Bristol, North Somerset and South Gloucestershire formed a sustainability and transformation plan area in March 2016 with Robert Woolley, Chief Executive of University Hospitals Bristol NHS Foundation Trust as its leader. The remainder of Gloucestershire formed a separate area under Mary Hutton, the Accountable Officer of Gloucestershire CCG.

==Commissioning==
The implementation of Transforming Community Services in the county was controversial. The transfer to the community interest company Gloucester Care Services was challenged in the courts by local resident and service user Michael Lloyd on behalf of a well organised campaign, Stroud Against The Cuts, which claimed that social enterprises were a stepping stone to privatisation, allowing the private sector to compete for contracts after only a few years. It was successfully argued in court by David Lock QC that while services could be commissioned from NHS providers without the need for a procurement process, it had been unlawful for them to be transferred to a social enterprise without competition. It was therefore decided to set up a new NHS trust, Gloucestershire Care Services NHS Trust.

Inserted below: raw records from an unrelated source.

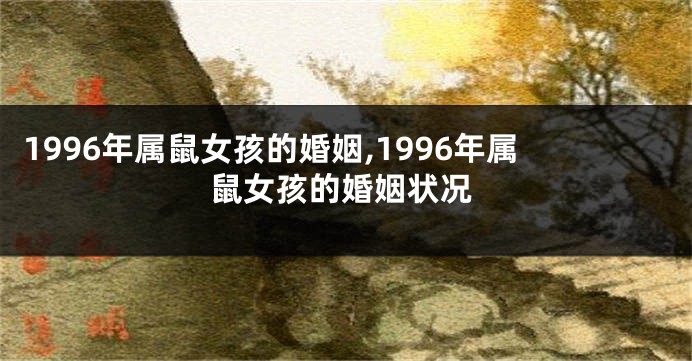 1996年属鼠女孩的婚姻,1996年属鼠女孩的婚姻状况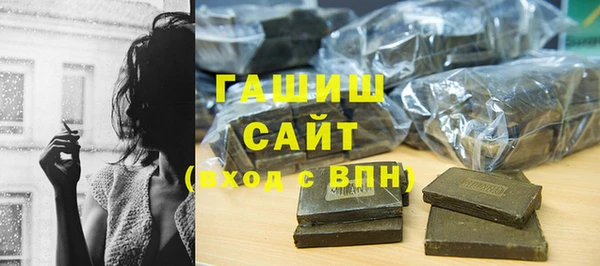 марки nbome Богородицк
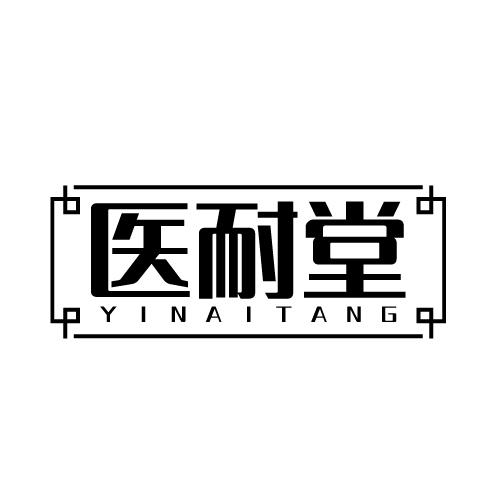 医耐堂 YINAITANG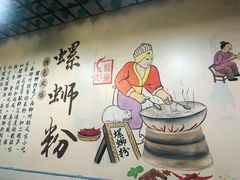 -龍城柳州螺蛳粉(群星路店)
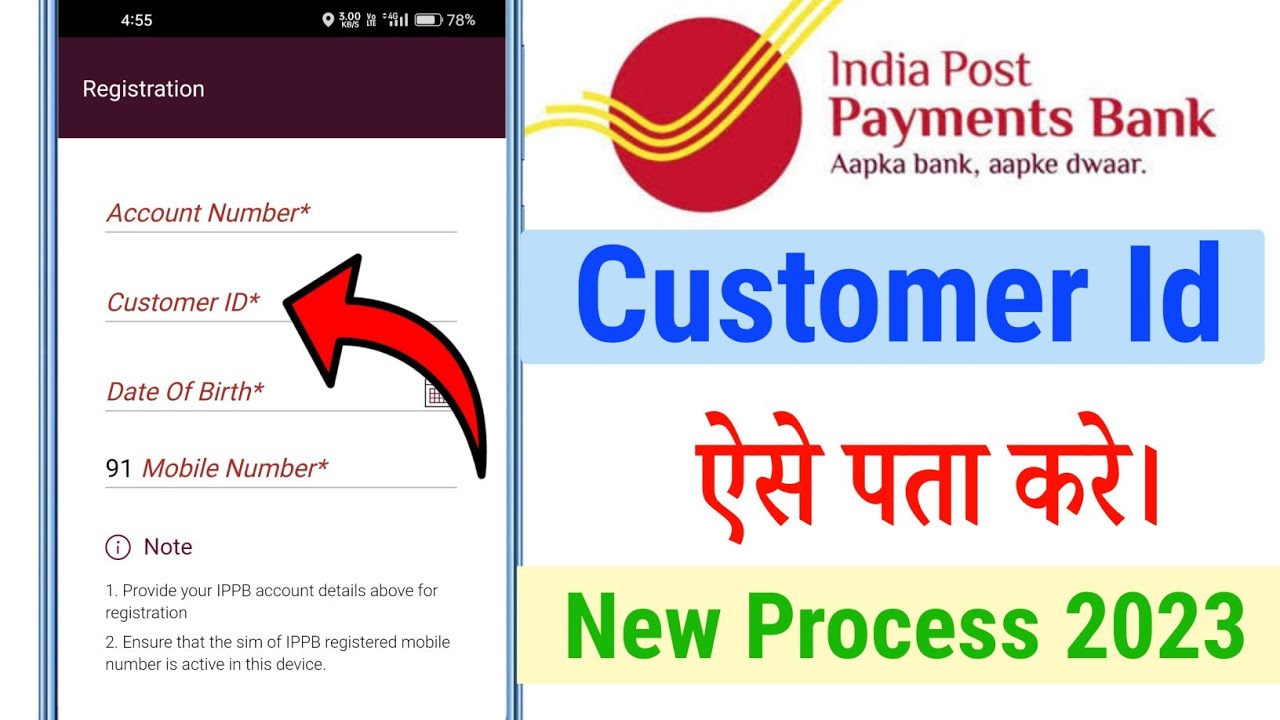 ippb customer id kaise pata kare online ippb customer care id kaise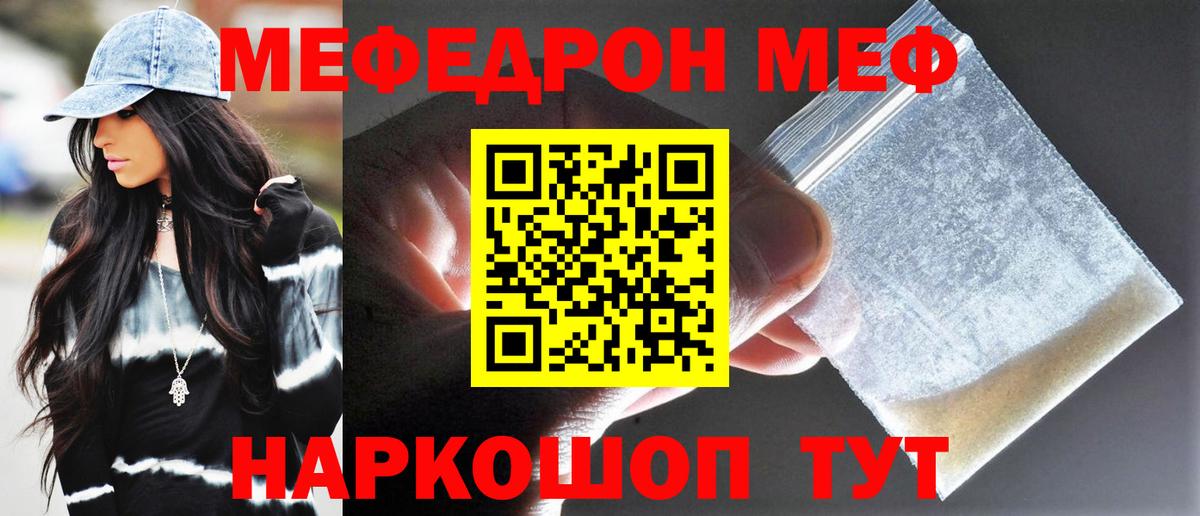 Меф кристаллы  МЯУ-МЯУ  МЯУ-МЯУ мяу мяу  Среднеуральск  Вход с VPN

Gloucestershire CCG supported an "arts on prescription" service, known as Artlift, to prevent chronic conditions from becoming acute. Patients with long term conditions such as depression or chronic pain were referred for ten weeks of arts activity. The scheme had better completion and attendance rates than other health referral programmes such as exercise schemes.

The CCGs for Bristol, North Somerset and South Gloucestershire merged in April 2018. Gloucestershire Care Services NHS Trust merged with ^{2}gether NHS Foundation Trust (which also covered Herefordshire) in October 2019 to form Gloucestershire Health and Care NHS Foundation Trust.

===Service restrictions===
In 2015, a survey by the Health Service Journal showed that 34 of 188 CCGs who responded had restricted access to some services. Restrictions were usually introduced by a number of CCGs acting together across an area. Gloucestershire and Bristol CCGs were proposing restricted access to acupuncture, adenoidectomy and post-operative physiotherapy.

It was reported in 2017 that NHS cuts in South Gloucestershire would increase delays to cancer treatment and include cuts to care for children with complex needs. Patients would wait longer for non-urgent operations. Holly Maltby of 38 Degrees said, "These plans shed light on just how seriously patient care in South Gloucestershire could be affected. They also begin to paint a picture for how services in other areas of England are likely to be hit too – with cancer treatment and children in need affected."

==Primary care==
As of 2020, there are 27 GP surgeries in South Gloucestershire. Out-of-hours services formerly provided by South Western Ambulance Service NHS Foundation Trust were transferred to Care UK in 2017.

==Community care==
Gloucestershire Health and Care NHS Foundation Trust is the main provider.

Palliative care is provided by Sue Ryder at Leckhampton Court in Cheltenham, Longfield in Minchinhampton, Great Oaks in Coleford, and Longfield's Hospice in Stroud.

==Mental health==
Gloucestershire Health and Care NHS Foundation Trust provides mental health and learning disability services throughout Gloucestershire and Herefordshire.

==Hospital provision==
Gloucestershire Hospitals NHS Foundation Trust and North Bristol NHS Trust provide most of the county's acute care. Specialist stroke services in the county were centralised at Gloucestershire Royal Hospital from summer 2012.

In 2021, Gloucestershire Integrated Care System decided to centralise emergency general surgery, vascular surgery and acute medicine at Gloucestershire Royal Hospital, and to move orthopaedic and gastroenterology services to Cheltenham General Hospital. Cheltenham, where 34 beds would be closed, would keep a reduced-hours emergency department. Gloucestershire Royal would have 41 extra beds.